Tag Archives: high potential

How to Identify High Potential in a Team Member

From the Ask Tom mailbag –

Question:
I just finished reading your book Hiring Talent. As I finished the book, I thought about my evaluation of high potential internal candidates. How do I know if a team member has a long enough time span of discretion to be able to do the job at the next level?

Response:
There are two places to play. One is to climb inside the head of the individual, the other is to focus on the work. The Head or The Work? Stay out of their head. Focus on the work.

Step 1 – Define the work at the next level. What are the problems that have to be solved at the next level? What are the decisions that have to be made at the next level?

Step 2 – Create a project that requires solving a problem at that level of work. Create a project that requires a decision at that level of work. It’s just a project, no promotions, no raises, no corner office, just a project.

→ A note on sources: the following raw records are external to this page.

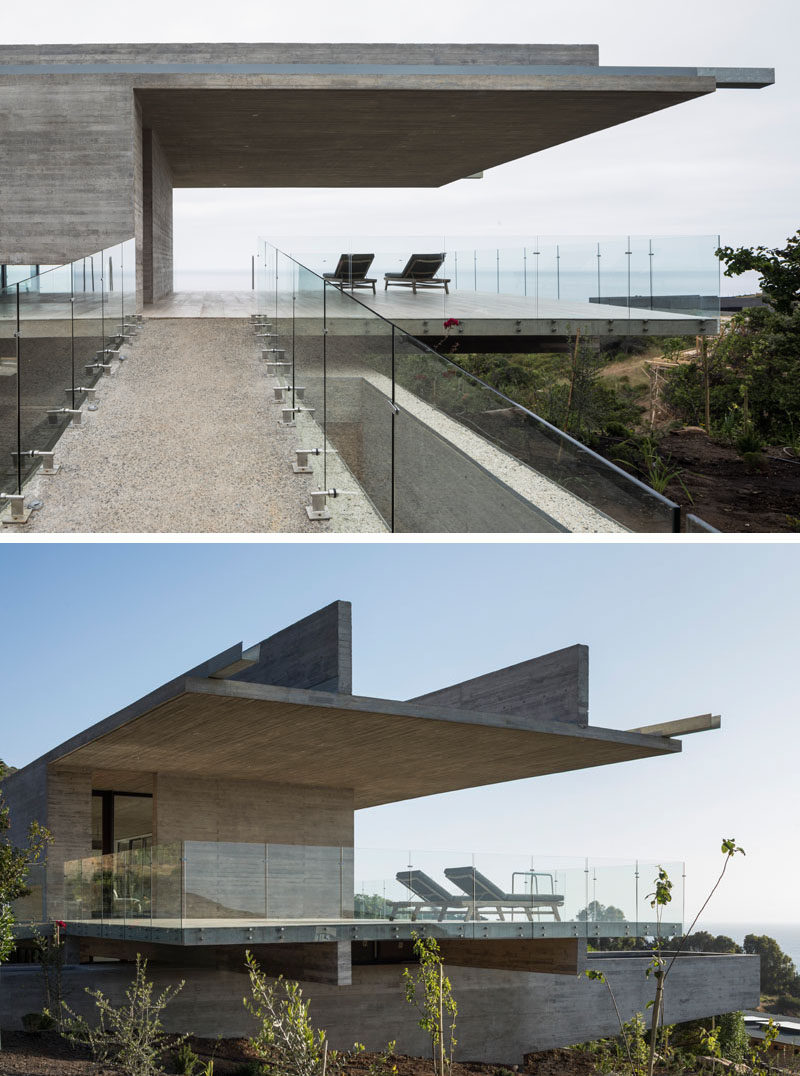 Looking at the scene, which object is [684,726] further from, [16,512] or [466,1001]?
[16,512]

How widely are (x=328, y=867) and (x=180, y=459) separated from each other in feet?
15.4

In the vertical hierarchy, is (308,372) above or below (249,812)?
above

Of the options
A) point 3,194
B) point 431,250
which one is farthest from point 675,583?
point 3,194

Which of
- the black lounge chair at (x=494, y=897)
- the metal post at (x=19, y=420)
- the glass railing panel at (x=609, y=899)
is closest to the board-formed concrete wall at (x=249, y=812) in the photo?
the black lounge chair at (x=494, y=897)

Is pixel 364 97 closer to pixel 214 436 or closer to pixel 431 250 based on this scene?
pixel 431 250

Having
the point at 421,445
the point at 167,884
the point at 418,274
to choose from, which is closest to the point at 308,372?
the point at 421,445

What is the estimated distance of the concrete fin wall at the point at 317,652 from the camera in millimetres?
→ 10289

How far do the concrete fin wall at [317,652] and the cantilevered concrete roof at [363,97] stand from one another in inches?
445

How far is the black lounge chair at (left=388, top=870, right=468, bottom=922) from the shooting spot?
11672 millimetres

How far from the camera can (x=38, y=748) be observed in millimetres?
60312

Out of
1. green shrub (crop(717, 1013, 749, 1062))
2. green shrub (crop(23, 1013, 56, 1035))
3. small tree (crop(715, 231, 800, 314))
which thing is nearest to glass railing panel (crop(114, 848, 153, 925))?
green shrub (crop(23, 1013, 56, 1035))

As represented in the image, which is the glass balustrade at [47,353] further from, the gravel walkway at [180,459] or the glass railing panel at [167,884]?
the glass railing panel at [167,884]

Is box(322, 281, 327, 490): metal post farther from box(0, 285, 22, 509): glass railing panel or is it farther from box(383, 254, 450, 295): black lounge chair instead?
box(383, 254, 450, 295): black lounge chair

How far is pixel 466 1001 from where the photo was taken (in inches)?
560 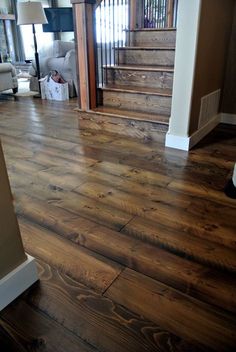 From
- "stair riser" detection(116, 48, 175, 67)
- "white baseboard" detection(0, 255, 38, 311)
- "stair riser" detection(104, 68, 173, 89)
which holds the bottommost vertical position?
"white baseboard" detection(0, 255, 38, 311)

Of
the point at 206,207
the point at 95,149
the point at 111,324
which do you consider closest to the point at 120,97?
the point at 95,149

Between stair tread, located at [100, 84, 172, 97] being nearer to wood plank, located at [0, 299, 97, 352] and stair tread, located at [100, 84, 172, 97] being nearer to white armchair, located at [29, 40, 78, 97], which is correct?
white armchair, located at [29, 40, 78, 97]

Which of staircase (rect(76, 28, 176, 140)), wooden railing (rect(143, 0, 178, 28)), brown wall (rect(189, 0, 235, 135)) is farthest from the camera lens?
wooden railing (rect(143, 0, 178, 28))

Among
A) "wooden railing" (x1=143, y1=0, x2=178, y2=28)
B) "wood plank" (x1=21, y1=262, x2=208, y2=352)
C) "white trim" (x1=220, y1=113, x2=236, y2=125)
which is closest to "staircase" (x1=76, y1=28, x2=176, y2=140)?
"white trim" (x1=220, y1=113, x2=236, y2=125)

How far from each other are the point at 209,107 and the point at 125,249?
214 cm

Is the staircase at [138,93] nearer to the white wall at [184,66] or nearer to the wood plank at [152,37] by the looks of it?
the wood plank at [152,37]

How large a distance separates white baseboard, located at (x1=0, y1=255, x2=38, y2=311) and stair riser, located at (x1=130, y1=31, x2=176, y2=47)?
3402 millimetres

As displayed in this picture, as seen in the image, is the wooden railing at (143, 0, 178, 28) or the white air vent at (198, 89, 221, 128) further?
the wooden railing at (143, 0, 178, 28)

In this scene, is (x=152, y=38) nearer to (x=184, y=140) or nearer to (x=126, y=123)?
(x=126, y=123)

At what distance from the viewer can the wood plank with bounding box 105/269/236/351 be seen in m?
1.00

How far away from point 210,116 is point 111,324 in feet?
8.56

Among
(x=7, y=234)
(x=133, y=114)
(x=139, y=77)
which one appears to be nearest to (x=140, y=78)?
(x=139, y=77)

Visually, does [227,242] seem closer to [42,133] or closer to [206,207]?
[206,207]

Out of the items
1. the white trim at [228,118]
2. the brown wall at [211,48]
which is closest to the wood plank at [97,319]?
the brown wall at [211,48] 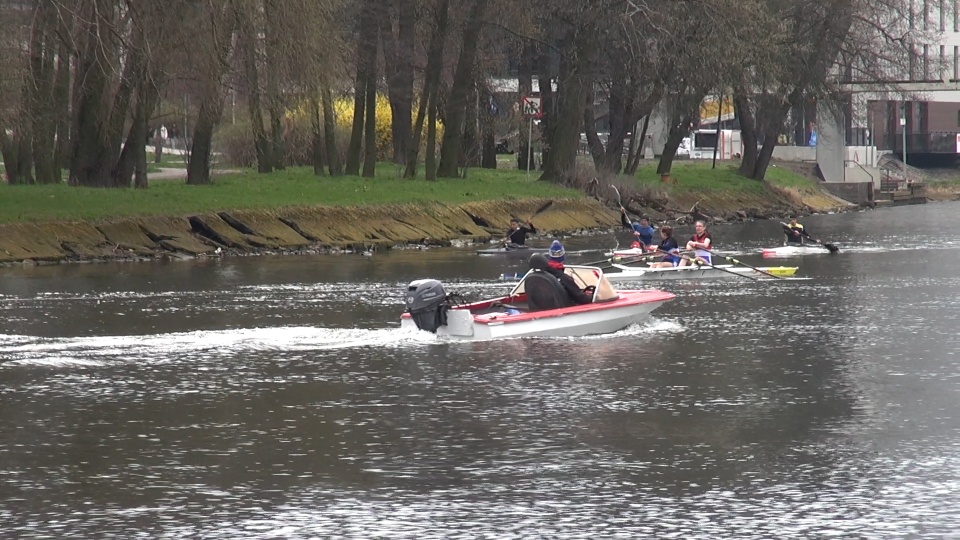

Step 3 – Evaluate the project. Did the candidate execute as effectively as someone in the top half of the role or the bottom half of the role? And in that half, top, middle or bottom? After the project, you should be able to answer those two questions in about 5 seconds.

Evaluation
———————————-
Top – Top
Top – Middle
Top – Bottom
———————————-
Bottom – Top
Bottom – Middle
Bottom – Bottom
———————————-

If there is potential, there is always evidence of potential. Do not make this decision based on a hunch, a feeling or an assumption. Make this decision (on potential) based on your judgement of evidence of potential.

Work output from a person who has potential is almost always error-free and on-time or early. -Tom

Can You Trust Subjective Judgement?

From the Ask Tom mailbag –

Question:
Following up on our discussion at the workshop last week, I am curious. As a manager, how do I determine which team members have the potential to grow and which will hit the wall. I want to focus my time on team members with the greatest potential.

Response:
You have to use your judgement. Observe and make a decision. That is what managers do. But what do you observe?

For fun, in the workshop, you may remember I asked how many of the group had taken a course in psychology in high school or college? Most raised their hand. Then I asked who had degrees in psychology? Most of the hands disappeared. When I asked who was certified by the state to practice psychotherapy, one person said he was certified, but not to practice psychotherapy.

Here is the problem. When managers question whether a person has potential, they fall into a trap. The trap is the approach, because most would play amateur psychologist.

Then I asked the group, who could spot positive behavior, in the field, on the plant floor? Most raised their hands again. And who could spot negative behavior? All hands went up. How long did it take to tell the difference?

Don’t play amateur psychologist with this stuff. Play to your strength as a manager. Managers are experts at the work. If you want to know if someone has potential, give them a project to do. Then, watch, observe. Use your managerial judgment.

But that is so subjective, I hear. Yes, it is subjective. It is also highly accurate.